Florida police could shut down your child’s lemonade stand

Florida police could shut down your child’s lemonade stand

As states around the country pass laws to protect kids’ lemonade stands against overreaching local regulations, Florida’s legal landscape remains murky.

The lemonade stand is a quintessential American example of childhood initiative and free enterprise.

But local regulations in Florida can turn young entrepreneurs into unwitting criminals.

While more than a dozen states have sought to clarify this uncertainty by passing laws explicitly exempting kids’ lemonade stands from any licensing requirements, Florida has continued to leave lemonade stands in a legal gray area, subject to a nebulous patchwork of state, county, and municipal regulations.

Lemonade laws in Florida

The city of Miami makes it illegal to sell beverages “on any street, alley, sidewalk, or public park within the city” unless one acquires a business tax receipt. Vending is also prohibited within five feet of the entranceway to any building and within 20 feet of any driveway. Violators can be charged with a misdemeanor and face fines of up to $500 per day, as well as prison sentences of up to 60 days, for each day the violation continues.

Consider a child in Miami who starts a lemonade stand in her front yard, 19 feet away from her driveway. Under the law, she could be subject to crackdowns from law enforcement.

In Orlando, the municipal code states it is illegal to sell any “thing of value” unless the seller registers beforehand with the Orlando Police Department. There is an exception for sales conducted by a school, college, or university. But this exception wouldn’t protect ordinary lemonade stands.

Aside from local prohibitions, Florida state law penalizes any person who engages in any occupation or business without first obtaining a local business tax receipt. Exemptions are limited to “any charitable, religious, fraternal, youth, civic, service, or other similar organization” engaging in occasional fundraising activities.

Local regulators and young entrepreneurs

Notably, in 2018, police in Lake Mary stopped three high school football players who were selling calendars to raise money for their team. While the police determined eventually that the state exemption covered the football players, the very fact that the police were confused about the statute is telling.

While there are no recorded instances in which Florida police have shut down a child’s lemonade stand, such incidents have occurred in other states over the past decade.

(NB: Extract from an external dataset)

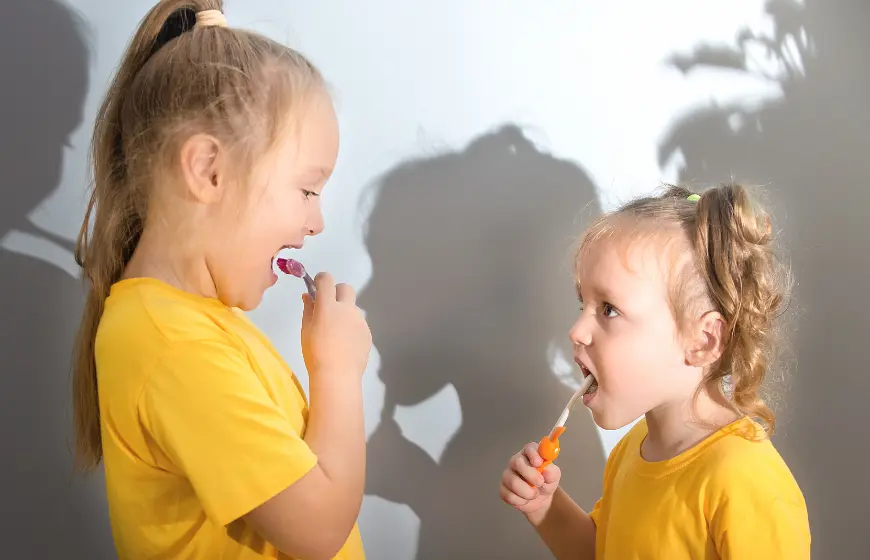 Dziewczynki w żółtych bluzkach myją zęby szczoteczką do zębów patrząc na siebie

In 2015 in Texas, police shut down a lemonade stand run by two sisters because they had not procured the necessary $150 permit or health inspection. Texas Gov. Greg Abbott in 2019 signed legislation to protect kids’ lemonade stands.

In 2011, six children in Montgomery County, Maryland, were issued a $500 ticket for operating a lemonade stand outside a country club where the U.S. Open golf tournament was being held. And in 2018, Denver police shut down a group of brothers’ lemonade stand because they lacked a $125 permit (the lemonade stand had raised $200 for charity before it was forced to close). In Illinois, an 11-year-old who sold lemonade to raise money for college was threatened with fines if she did not cease operations.

New law offers protection for culinary entrepreneurs

In June, the Florida legislature passed – and Gov. Ron DeSantis signed – the Home Sweet Home Act, which preempts local regulations and restrictions on homemade “cottage food” sales.

However, the new law clarifies that cottage food operations still “must comply with the conditions for the operation of a home-based business,” which in turn include a requirement that “[a]s viewed from the street, the use of the residential property is consistent with the uses of the residential areas that surround the property.” This appears to rule out a lemonade stand that is conspicuous to people passing on the street – and indeed, a previous draft of the legislation said that “[a]ny business transactions conducted at the business must not take place in view of the street.” But a lemonade stand could not sell much lemonade if it were not visible from the street.

One thing is for certain: The legal landscape for lemonade stands in Florida is complex, filled with overlapping and interlocking rules at the state, county, and municipal levels.

Until there is clarity, children must simply hope that when someone calls the police to shut down their lemonade stand, the responding officer will react like Niceville police officer Thomas Bronson did this summer – he gave the children $100 toward their charitable cause.

The Florida legislature and Gov. DeSantis should explicitly protect child-run lemonade stands from state and local regulations, so that all children can exercise their entrepreneurial spirit and engage in a cherished American pastime without the heavy hand of government getting in the way.